No one knows the identities of those I’ve come to call the Brick Thieves of South Street—at least, I don’t think anyone does, or else the bricks in question wouldn’t keep disappearing. I continually find myself thinking about the Thieves, about what they’re doing with all of those bricks.
There’s a pedestrian footbridge that leads from the very end of South Street, at Front, over the yawning chasm that is I-95 to a parking lot on Columbus Boulevard. It’s rarely traversed, because who walks to Columbus Boulevard? I do, because I have an odd address. But it’s rare to see anyone on the bridge, save the occasional teenage couple looking for an out-of-the-way corner in which to be carnal and clandestine.
The path is made of brick. Or is trying to be. There’s a section on the south side where the bricks have been steadily removed, one or two at a time, until over months a gaping zigzagged hole is created. Invariably some minions come in and replace the bricks before it gets too ugly, and then the whole process starts again—a pair missing on a Tuesday, then five gone two weeks later, until the next batch vanishes. I fear one of these days someone is just going to come and pour cement and be done with it. Which would be a shame, because the bricks add so much charm. And is there anything that needs charm more than South Street?
It’s the street of tattoo parlors and hemp shops, of unbathed teenage boys and the doughy girls, poured into t-shirts too tight and jeans too small, who smoke with them. It’s the avenue of the pierced, the profligate and the Italian princess, where frat boys file into the Blarney South to cheer on the Flyers, and the bums wander and plop, palms up, asking meekly for loose change. People will tell you it’s unsafe. But South Street has always been more dodgy than dangerous.
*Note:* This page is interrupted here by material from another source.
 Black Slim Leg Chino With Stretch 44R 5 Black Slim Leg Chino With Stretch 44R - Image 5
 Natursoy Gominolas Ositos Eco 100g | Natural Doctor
And yet I adore it, every last hardscrabble inch. It’s our yellow brick road, seedy and overgrown, winding through its own peculiar glitter. The street is ugly in spots, merely vulgar in others. But it’s alive, in a way that a street can only be alive in Philadelphia, filled with warring sounds and smells and strata of people. To walk South Street, which you should, is to experience the city, all of it, in its every fabulous and filthy manifestation. It’s often tacky, and sometimes confusing. But it is relentlessly interesting.
“Oh, I hear it all the time,” Michael Harris, the loping, avuncular head of the South Street Headhouse District, says as we wander down South Street one autumn afternoon. “They say, ‘I haven’t been there in 20 years.’ Or, ‘I haven’t been there since it was “good.”’” He raises his fingers in air quotes for this last bit. I smile, nodding. I have a friend who does marketing for Atlantic City, and I get this same sort of thing from him. It can’t be easy, I think, to constantly be picking up the broom, wearily trying to sweep back relentless waves of bad reputation.
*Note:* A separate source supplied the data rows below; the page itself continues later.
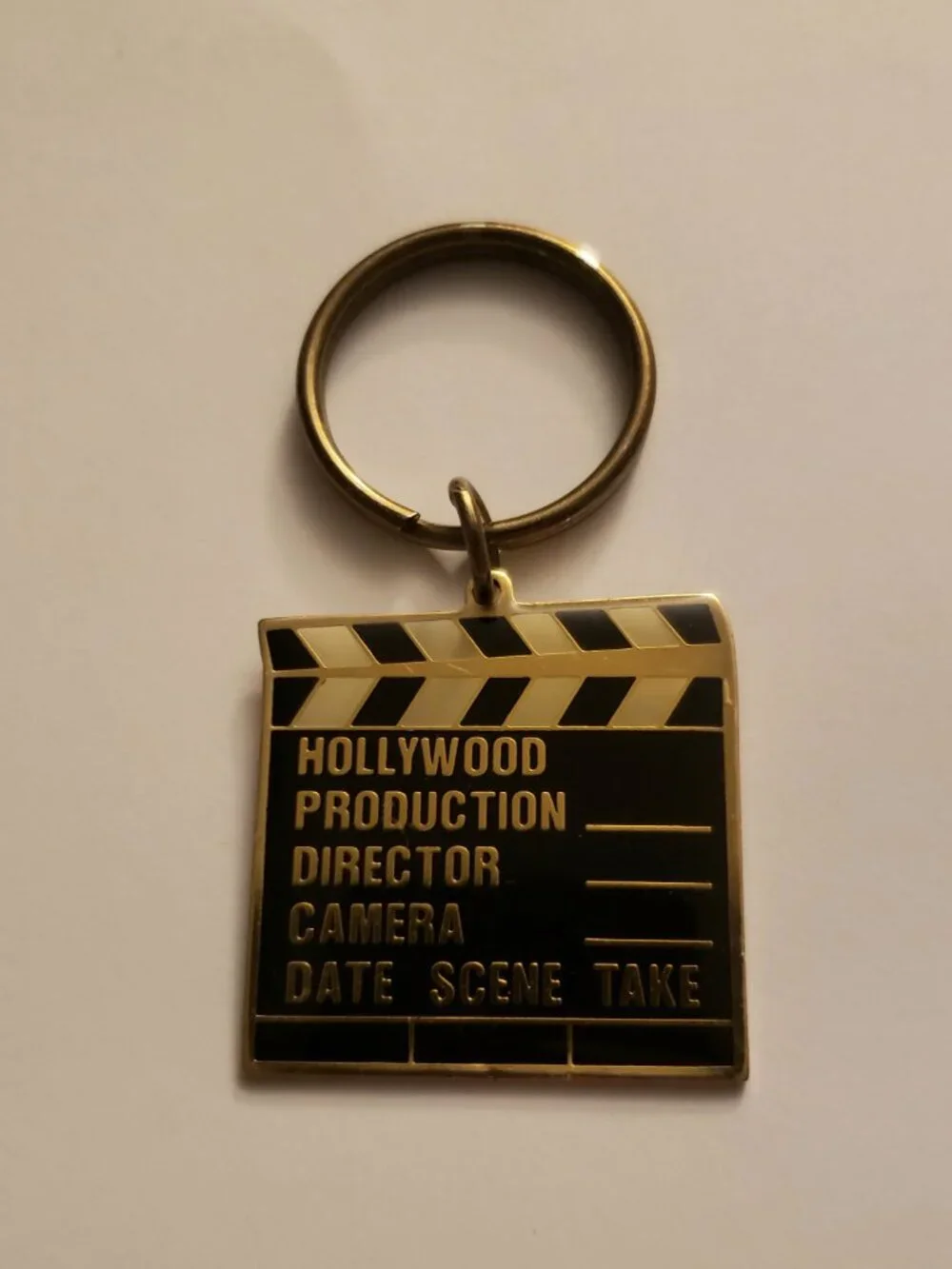 Hollywood Directors Clapboard Clapper Board Movie Keychain Key Ring Bag Charm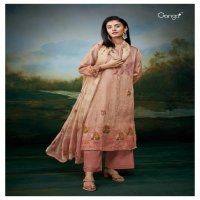 Ganga Aanvi Wholesale Cotton Linen Printed With Embroidery Salwar Suits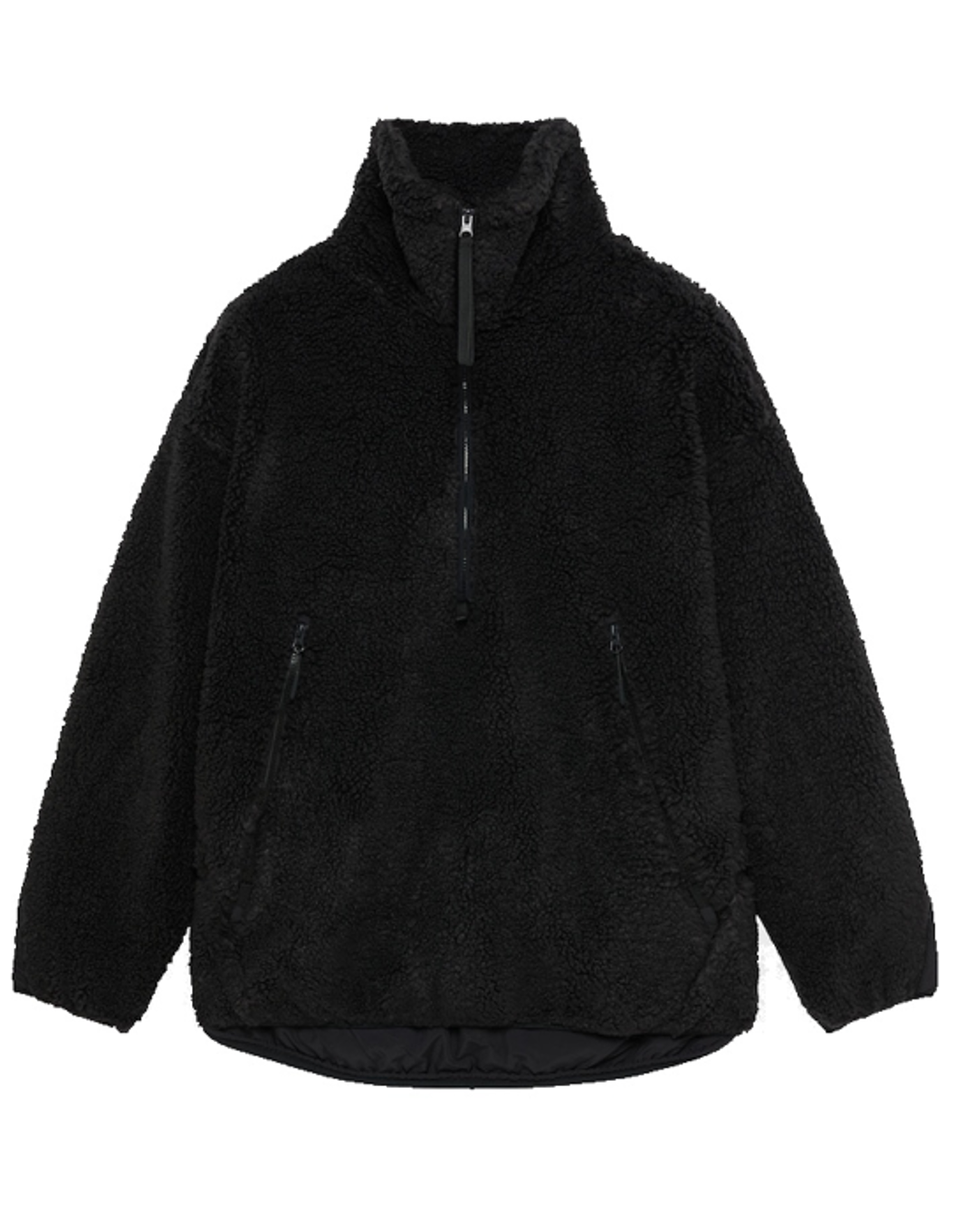 Oakley Herren Fleece Snowdrifter QTR Zip Jacke Pitch Black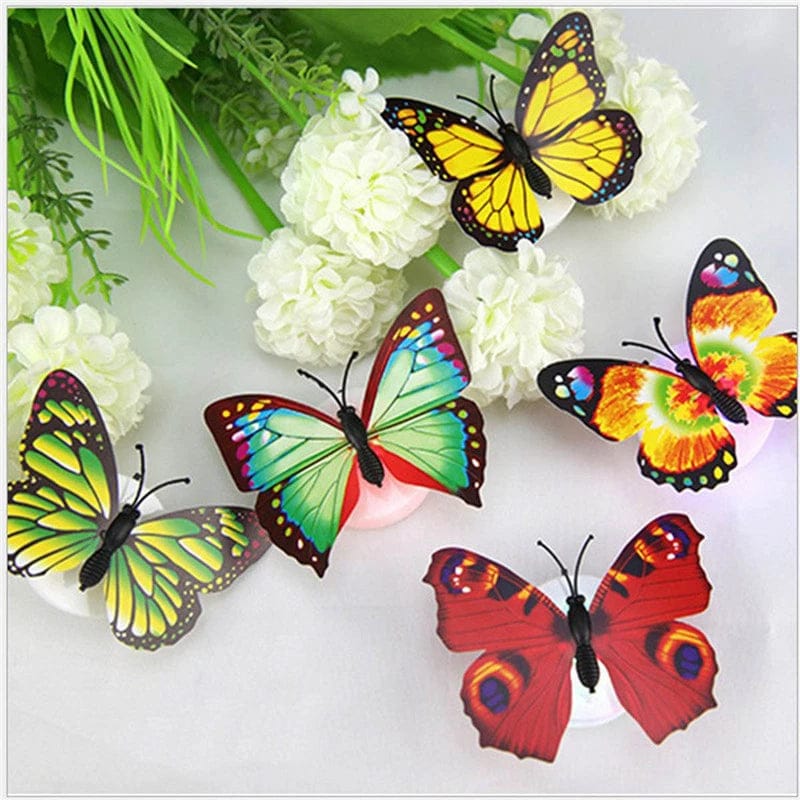 Glow In The Dark 3D Led Butterfly Night Light Led Color Changing for Kids Room (1 PCs Butterfly)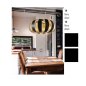 Preview: Braga Geo LED pendant lamp 3-flg black/black Ø50cm 2123/S50 C-19/19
That’s the thing about Philadelphia: Once folks decides something’s over—the Inquirer, Andy Reid—it’s almost impossible to get them to change their minds. But someone has to try. Harris takes me into Brauhaus Schmitz, has me shake hands with Doug Hager, the owner. Schnitzel on South a big hit—whodathunk it? Doug shrugs. “The neighbors will say, ‘Oh, we need to reinvent South Street,’” he says. “No, we don’t.”
He gets it, like I get it. What makes South Street the most amazing thoroughfare in all Philadelphia is that it’s all of Philadelphia, dumped onto one crazy, mishmashy strip of loony. Come to South Street on a weekend night and here is what you’ll see: A Russian couple—he looks amazingly like Vladimir Putin—struggling to put money in the parking kiosk before going to dinner at Supper. Grungy young men jostling and hollering at a video game of the Punisher inside Atomic City Comics. Teenage girls in pairs. Teenage boys looking for the teenage girls. Neon. Rap music blaring from passing cars. Well-dressed white people at Percy Street Barbecue. Flashily dressed black people wandering the street. Odd taquerias with signs that say IRISH FOOD, though they don’t sell anything that remotely resembles Irish food but do sell a wide variety of hookahs. Suburban wives in chic black cloth coats and expensive blowouts, arms linked protectively into their husbands’. Tourists waiting in line at Jim’s Steaks. A bored busboy standing outside, smoking. Cop cars and taxis that idle too loudly. Hipsters in felt fedoras. A fat white guy sitting in the window of Hot Diggity, eating a hot dog and texting. People moving. And looking. And giggling and shouting and crossing in the middle of the street. People everywhere, pumping blood onto South Street, hour after hour.
The Orlons used it as the answer to their musical query—“Where do all the hippies meet?”—back in 1963, in a song that made the Billboard Top 10. There are few hippies left on South Street. Everyone else is here, though. South Street is the one road left where you cross paths with people from every other neighborhood in the city. Look around and see it. I mean, truly see Philadelphia.